Resins are known to be chemically toxic and can release dangerous, and potentially harmful by-products that can affect your health in multiple ways if not used safely and with caution.

They can release irritants and pollutants that can irritate eyes and skin, as well as contributing to respiratory problems, such as asthma. While many resin printers will have a good filtration system, it is still recommended to use this material in a well-ventilated and spacious area.

You want to avoid getting resin on your skin because it can not only worsen current allergies and cause rashes but can also cause dermatitis. As resin reacts to UV light, many people who get resin on their skin and then proceed to go into the sun have experienced burns.

Not only this but resins are toxic to the environment as well, which can hold severe effects on animals such as fish and other aquatic life. This is why it is key to handle and dispose of resins adequately.
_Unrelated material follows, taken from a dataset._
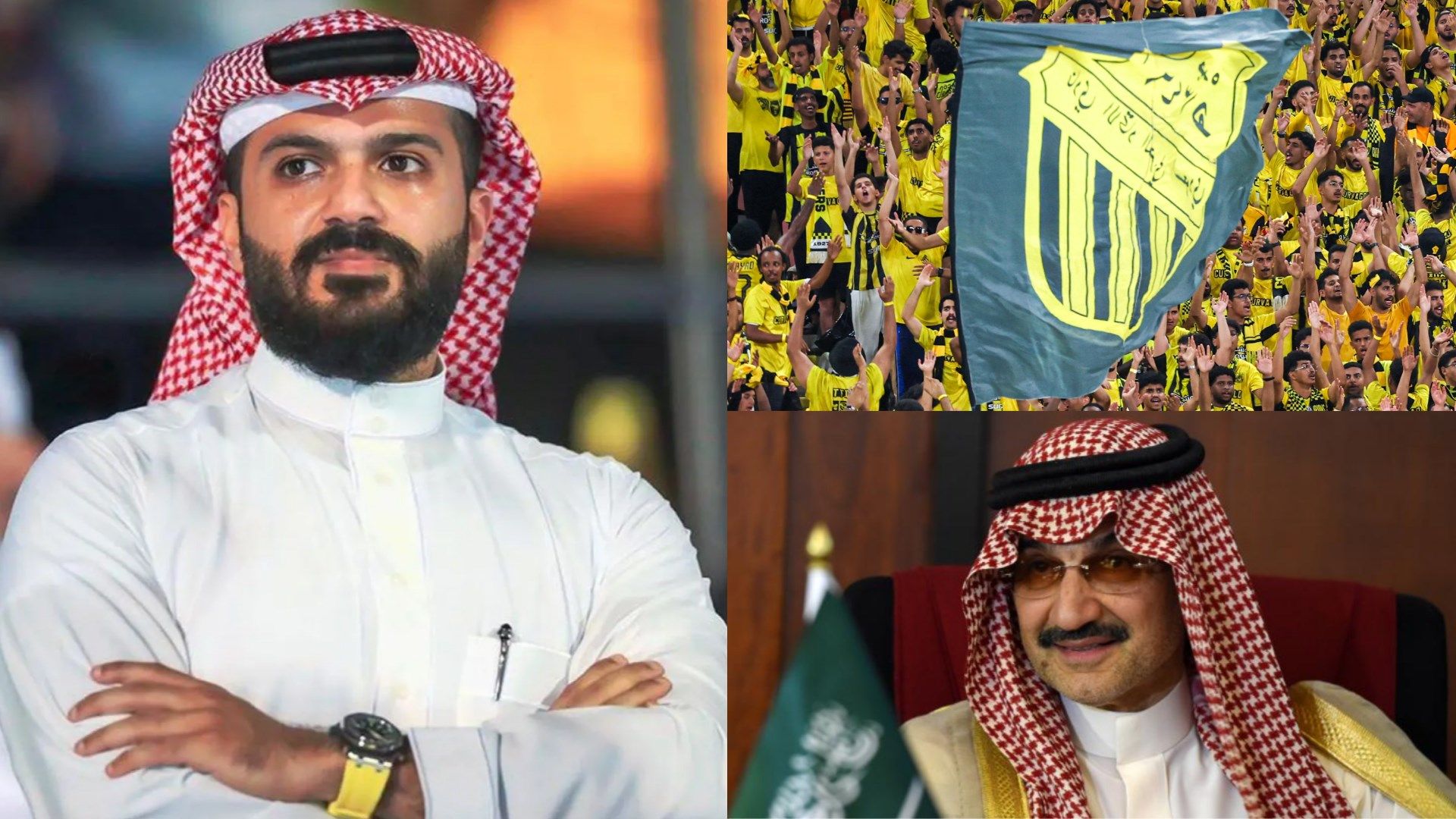 Anmar Al Hailae Al Waleed bin Talal Al Ittihad Fans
On the flipside filaments can also be dangerous too, an example of this is ABS which is a very common thermoplastic melted at high temperatures.

As the temperature increases the number of fumes that are released will increase. These fumes contain VOCs and are dangerous to health when inhaled. To be safe you should always wear protective gloves when handling either resin or filament and never touch them bare-handed before curing.

You should also use safety glasses/ goggles, print in a well-ventilated area, use an enclosed print chamber to minimize the regulation of fumes, and also try using low-odor resins. You can also wear a mask during the printing process as it can help to prevent issues with inhalation.

Making miniatures, Resin or Filament?

When looking to make miniatures, resins are the best choice, as you can get unmatched quality and you can create multiple, several parts very easily and with speed, especially when using an MSLA 3D printer.

While filaments are in a different league of their own, you can make miniatures with filament they are not quite the same level of quality. It is what resin printers are made for, the attention to finite detail is worth the extra cost if you want to print many minis that are at 30mm or less.

This is why resin printing is primarily used in industries where depth and precision are prioritized above all else. Though you can get far enough with FDM 3D printers in terms of quality, but the amount of effort you will need to spend to get everything right, a resin 3D printer will save you the additional hassle.

Filaments are much easier to handle, and much safer, and are also a great start for beginners. They are generally the optimum choice when it comes to rapid prototyping.

Though when you are able to let a bit of detail, or surface finish, or even smoothness slide here, filaments can pay off well for you. It is all down to personal choice and what you feel is best for you, the stage of 3D print learning you are at, and if you have your personal preference in print materials.